Earlier this month, WaveMetrix came out with a study looking at how people react on social channels. They found a number of interesting things. For one, they found that crowd-sourcing projects need to be linked to your product. But they also found that people respond negatively to campaigns attacking a brand's competitors.
EasyJet, Pepsi, T-Mobile and Microsoft all used social media to mock their respective competitors, BA, Coca Cola, Verizon and Google and all were met with a negative backlash.

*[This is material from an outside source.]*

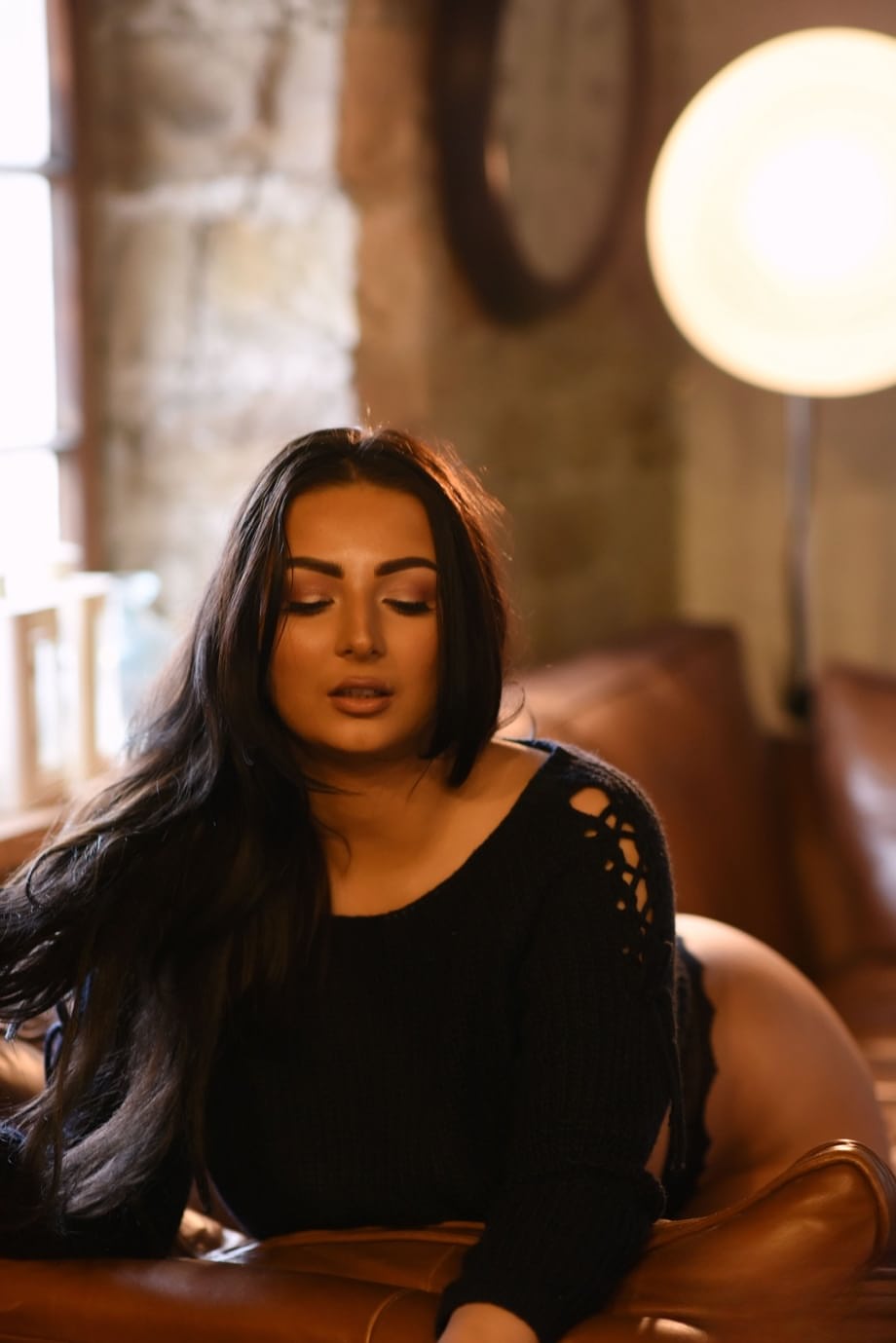 Fatty stunner Foxy Lucina goes topless and shows her massive natural tits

One example was when EasyJet decided to mimic a campaign from British Airways. The response was that many criticized EasyJet's "cheap" and "bitchy" advert and "couldn't believe EasyJet felt they could hijack BA's campaign"-while people talked more positive about British Airways.
There are few cases of a successful media campaign that focus on mocking your competitors. In Australia, the constant rivalry between Holden and Ford provides a good breeding ground for media mockery, and we all remember Apple's hugely successful "Mac vs. PC" campaign.
They work because we identify ourself as being the opposite of the competing brand. "I'm a Mac" worked because most mac people think of themselves as anti-PC.
But for most brands, people are not anti-your-competitor anything. You don't buy a pair of Puma shoes because you are anti-Adidas. You don't buy Panasonic because you are anti-Sony.
The reason people want to buy your product is because of the product itself. Creating a campaign where you mock your competitor is irrelevant.
People don't care about your competitors. They care about what you can do for them.
When you start to create ads about your competitors, it is usually a sign that you look more at what your competitors are doing, and less on what you customers want you to do.
We see the same thing with many startups. They try to be the "alternative" to a well known brand. Take Diaspora, the social media platform that was founded to be the alternative to Facebook. Nobody really cared!
Except for a very few brands, we do not connect with a product because of its competitors. And we do not care about what "internal struggles" you and your competitors might have. Keep them confined to your internal meetings.
Focus on the direct link between your customer and your product. How can those two elements get closer together? How can that be more meaningful?